#### Task:
Please restate each entry that appears below word for word, without its pictures.

--

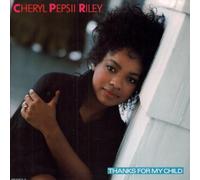 Cheryl Pepsii Riley - Thanks For My Child 7 Inch (7" Vinyl 45) UK Cbs 1988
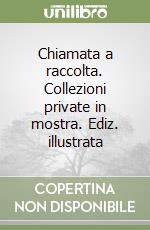 Chiamata a raccolta. Collezioni private in mostra. Ediz. illustrata libro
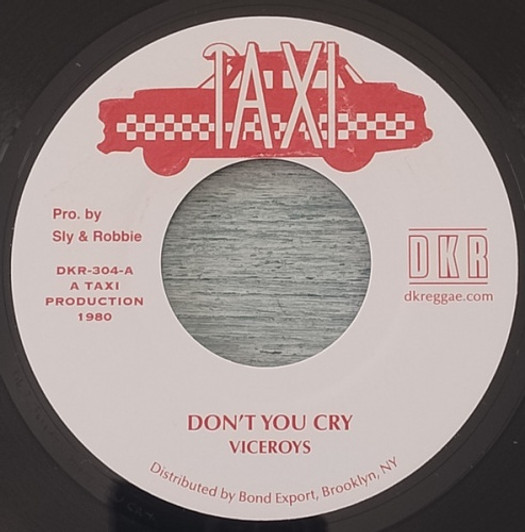 The Viceroys - Don't You Cry - 7" Vinyl The Viceroys - Don't You Cry - 7" Vinyl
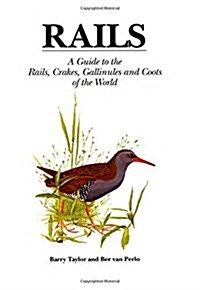 Rails : A Guide to Rails, Crakes, Gallinules and Coots of the World (Hardcover)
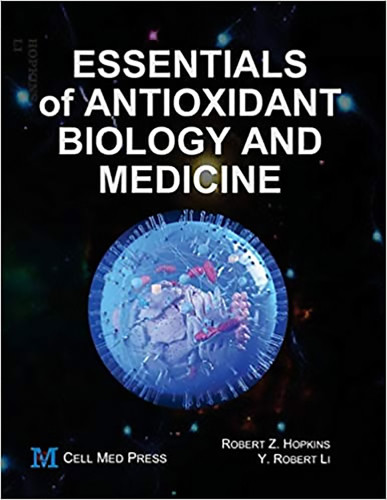 Essentials Of Antioxidant Biology And Medicine 1st Edition Y Robert Li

--

#### Solution:
 Cheryl Pepsii Riley - Thanks For My Child 7 Inch (7" Vinyl 45) UK Cbs 1988
 Chiamata a raccolta. Collezioni private in mostra. Ediz. illustrata libro
 The Viceroys - Don't You Cry - 7" Vinyl The Viceroys - Don't You Cry - 7" Vinyl
 Rails : A Guide to Rails, Crakes, Gallinules and Coots of the World (Hardcover)
 Essentials Of Antioxidant Biology And Medicine 1st Edition Y Robert Li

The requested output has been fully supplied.